Foundationalism is a view concerning the justification structure of our beliefs. While it offers an intuitive approach to the structure of justification in human beliefs, classical foundationalism faces significant challenges that make it difficult to defend in its traditional form. However, I argue that more nuanced, non-classical versions of foundationalism remain defensible.

At its core, foundationalism posits that our justified beliefs are structured hierarchically, with a solid foundation supporting the rest of our belief system. This view distinguishes between two types of justified beliefs: basic (foundational) beliefs and non-basic beliefs. Basic beliefs do not depend on other beliefs for their justification, they are non-inferentially justified, while non-basic beliefs are justified through their inferential relations to other beliefs, ultimately tracing back to basic beliefs.

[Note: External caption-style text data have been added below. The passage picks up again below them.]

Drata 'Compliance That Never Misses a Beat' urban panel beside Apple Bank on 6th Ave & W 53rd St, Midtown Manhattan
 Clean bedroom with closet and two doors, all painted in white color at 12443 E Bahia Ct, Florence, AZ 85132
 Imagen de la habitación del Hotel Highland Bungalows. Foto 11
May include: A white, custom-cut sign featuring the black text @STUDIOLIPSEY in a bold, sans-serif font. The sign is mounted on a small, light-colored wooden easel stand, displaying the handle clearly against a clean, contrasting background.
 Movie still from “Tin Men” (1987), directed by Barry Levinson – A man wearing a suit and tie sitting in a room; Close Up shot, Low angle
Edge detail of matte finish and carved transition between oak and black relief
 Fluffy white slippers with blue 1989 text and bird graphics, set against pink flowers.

The primary argument for foundationalism is the epistemic regress argument. This argument contends that for any inferentially justified belief, we must either have an infinite chain of justifications, a circular justification, or terminate at some foundational beliefs. The regress argument relies on a key principle: to be justified in believing a proposition P on the basis of evidence E, one must be (1) justified in believing E, and (2) justified in believing that E makes P probable.

To illustrate this, consider the belief that it's windy outside. To justify this belief, we might appeal to the evidence that trees are swaying. But then we need to justify our belief in this evidence, perhaps by appealing to my belief that I seem to see trees swaying. This chain of inferential justification must either continue infinitely, circle back on itself, or terminate at some foundational belief.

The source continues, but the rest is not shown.